Free to Choose: A Personal Statement by Milton Friedman and Rose Friedman (1980)

Next, we move to a book with opposite ideas. It is the work of Milton Friedman, one of the most influential economists of the second half of the 20th century and the author of the theory of monetarism, whose views were argued by Henderson. He wrote Free to Choose together with his wife based on the TV series and his famous book Capitalism and Freedom. It has 10 chapters (about the market, schools, consumer protection, crises, etc.) in which Friedman analyzes the economy and society through the prism of freedom of choice in individual and public life.

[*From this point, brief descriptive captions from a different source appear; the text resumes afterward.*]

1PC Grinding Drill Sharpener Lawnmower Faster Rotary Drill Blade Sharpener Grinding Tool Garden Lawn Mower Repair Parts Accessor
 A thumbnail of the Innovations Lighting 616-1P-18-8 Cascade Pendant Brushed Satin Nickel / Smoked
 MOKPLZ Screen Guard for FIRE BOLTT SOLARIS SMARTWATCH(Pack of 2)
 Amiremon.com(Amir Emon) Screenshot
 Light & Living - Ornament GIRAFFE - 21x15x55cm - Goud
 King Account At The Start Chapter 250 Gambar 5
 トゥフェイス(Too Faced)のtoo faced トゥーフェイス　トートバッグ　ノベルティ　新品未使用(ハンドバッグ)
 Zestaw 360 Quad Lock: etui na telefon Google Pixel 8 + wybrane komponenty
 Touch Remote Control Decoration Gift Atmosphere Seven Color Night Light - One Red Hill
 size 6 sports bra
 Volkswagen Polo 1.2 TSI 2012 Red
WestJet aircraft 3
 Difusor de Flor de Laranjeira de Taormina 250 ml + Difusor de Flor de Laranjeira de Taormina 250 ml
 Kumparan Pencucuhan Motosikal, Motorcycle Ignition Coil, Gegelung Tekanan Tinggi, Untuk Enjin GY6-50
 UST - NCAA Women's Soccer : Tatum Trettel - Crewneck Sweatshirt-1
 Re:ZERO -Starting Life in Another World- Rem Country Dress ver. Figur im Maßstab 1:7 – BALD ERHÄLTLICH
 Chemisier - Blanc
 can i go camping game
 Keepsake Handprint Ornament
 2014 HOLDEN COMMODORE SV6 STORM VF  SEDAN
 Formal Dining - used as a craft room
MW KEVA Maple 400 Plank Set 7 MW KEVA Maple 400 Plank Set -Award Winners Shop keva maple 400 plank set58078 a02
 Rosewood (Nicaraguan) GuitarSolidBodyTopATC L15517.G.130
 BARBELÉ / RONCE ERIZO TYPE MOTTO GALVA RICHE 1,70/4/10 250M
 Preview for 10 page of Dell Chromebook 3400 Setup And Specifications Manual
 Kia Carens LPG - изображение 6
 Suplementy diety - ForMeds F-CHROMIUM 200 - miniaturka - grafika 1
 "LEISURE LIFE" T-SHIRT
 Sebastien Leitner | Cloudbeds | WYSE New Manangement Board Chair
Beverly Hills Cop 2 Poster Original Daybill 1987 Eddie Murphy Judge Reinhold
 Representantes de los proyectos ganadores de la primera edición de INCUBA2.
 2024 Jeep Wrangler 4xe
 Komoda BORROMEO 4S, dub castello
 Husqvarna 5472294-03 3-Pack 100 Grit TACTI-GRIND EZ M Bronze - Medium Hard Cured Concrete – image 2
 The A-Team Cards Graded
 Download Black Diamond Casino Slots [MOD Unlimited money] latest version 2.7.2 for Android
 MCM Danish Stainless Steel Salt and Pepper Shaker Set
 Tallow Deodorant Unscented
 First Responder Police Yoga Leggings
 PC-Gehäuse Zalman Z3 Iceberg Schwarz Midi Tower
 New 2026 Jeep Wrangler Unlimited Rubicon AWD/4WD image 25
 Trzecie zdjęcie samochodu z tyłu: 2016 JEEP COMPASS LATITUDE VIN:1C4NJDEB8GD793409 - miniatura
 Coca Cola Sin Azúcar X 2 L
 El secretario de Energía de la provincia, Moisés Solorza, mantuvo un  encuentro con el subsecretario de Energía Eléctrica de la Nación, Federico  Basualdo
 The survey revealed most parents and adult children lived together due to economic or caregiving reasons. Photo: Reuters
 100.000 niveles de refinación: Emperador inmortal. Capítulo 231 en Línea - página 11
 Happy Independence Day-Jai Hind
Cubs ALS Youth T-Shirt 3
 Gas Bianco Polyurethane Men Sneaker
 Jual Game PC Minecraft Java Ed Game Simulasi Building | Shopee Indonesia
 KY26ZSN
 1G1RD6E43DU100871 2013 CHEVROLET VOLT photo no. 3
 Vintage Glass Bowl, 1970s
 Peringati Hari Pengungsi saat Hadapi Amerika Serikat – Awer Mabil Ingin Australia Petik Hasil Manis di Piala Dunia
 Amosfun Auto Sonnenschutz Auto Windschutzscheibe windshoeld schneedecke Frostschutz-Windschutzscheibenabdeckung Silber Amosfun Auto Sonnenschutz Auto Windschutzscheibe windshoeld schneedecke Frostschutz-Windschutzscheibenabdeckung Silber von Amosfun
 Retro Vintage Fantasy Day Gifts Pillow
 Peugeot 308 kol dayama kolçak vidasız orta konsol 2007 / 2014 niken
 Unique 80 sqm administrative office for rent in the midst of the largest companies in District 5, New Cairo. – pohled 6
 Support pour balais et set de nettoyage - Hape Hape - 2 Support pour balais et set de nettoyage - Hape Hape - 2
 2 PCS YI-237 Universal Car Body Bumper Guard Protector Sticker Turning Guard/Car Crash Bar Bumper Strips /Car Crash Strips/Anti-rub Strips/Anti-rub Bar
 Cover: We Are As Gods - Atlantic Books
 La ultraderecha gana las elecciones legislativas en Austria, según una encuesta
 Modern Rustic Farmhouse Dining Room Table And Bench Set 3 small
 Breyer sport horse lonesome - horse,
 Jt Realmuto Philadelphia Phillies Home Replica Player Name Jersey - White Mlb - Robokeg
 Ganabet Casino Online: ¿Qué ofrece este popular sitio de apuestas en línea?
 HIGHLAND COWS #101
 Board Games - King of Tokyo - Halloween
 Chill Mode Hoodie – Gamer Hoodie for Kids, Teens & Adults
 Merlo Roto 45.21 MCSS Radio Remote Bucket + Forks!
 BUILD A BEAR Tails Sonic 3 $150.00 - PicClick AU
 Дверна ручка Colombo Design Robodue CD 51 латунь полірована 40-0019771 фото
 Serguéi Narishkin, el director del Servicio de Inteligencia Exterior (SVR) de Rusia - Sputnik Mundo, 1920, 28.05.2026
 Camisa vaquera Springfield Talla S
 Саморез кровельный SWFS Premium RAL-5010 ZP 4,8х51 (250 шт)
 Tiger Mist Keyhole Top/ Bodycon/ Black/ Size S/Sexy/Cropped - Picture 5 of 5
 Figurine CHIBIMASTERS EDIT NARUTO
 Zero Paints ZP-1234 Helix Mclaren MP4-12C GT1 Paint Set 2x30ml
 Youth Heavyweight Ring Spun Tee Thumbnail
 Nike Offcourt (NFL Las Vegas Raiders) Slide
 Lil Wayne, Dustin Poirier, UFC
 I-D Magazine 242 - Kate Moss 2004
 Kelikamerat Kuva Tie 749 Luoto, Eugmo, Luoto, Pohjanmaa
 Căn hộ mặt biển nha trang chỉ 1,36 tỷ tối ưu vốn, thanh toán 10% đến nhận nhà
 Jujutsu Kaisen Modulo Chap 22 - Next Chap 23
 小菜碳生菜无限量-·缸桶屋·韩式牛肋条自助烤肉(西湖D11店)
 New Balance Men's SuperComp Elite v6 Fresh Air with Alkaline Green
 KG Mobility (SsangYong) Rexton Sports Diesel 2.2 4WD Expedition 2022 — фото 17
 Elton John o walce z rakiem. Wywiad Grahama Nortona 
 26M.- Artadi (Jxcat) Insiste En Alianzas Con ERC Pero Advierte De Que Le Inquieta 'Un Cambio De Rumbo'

Friedman argues that the freedom of choice is the key element in achieving wealth and happiness. He is confident that free markets and free people together can create the most harmonious and prosperous society. Particularly interesting are the chapters about the Great Depression that was the subject of a famous research by Friedman and Anna SchwartzA Monetary History of the United States

Friedman is a prominent advocate of minimal government intervention (the laissez-faire theory), believing that it can lead to restrictions on freedom and, as a result, to a decrease in efficiency and living standards. He suggests replacing government regulation with a system based on market mechanisms: “Physical and human characteristics limit the alternatives available to us. But none prevents us, if we will, from building a society that relies primarily on voluntary cooperation to organize both economic and other activity, a society that preserves and expands human freedom, that keeps government in its place, keeping it our servant and not letting it become our master."

 

Atlas Shrugged by Ayn Rand (1957)

This book is another manifesto proclaiming the power of capitalism, the free market and the idea of individualism. It makes no sense to retell a work of fiction, but it is worth mentioning that Ayn Rand, who calls for reducing regulatory pressure on the economy, has had a strong influence on some economists and politicians. For example, former Fed Chairman Alan Greenspan was a member of her group "The Collective". Milton Friedman wrote that Rand is “an utterly intolerant and dogmatic person who did a great deal of good.”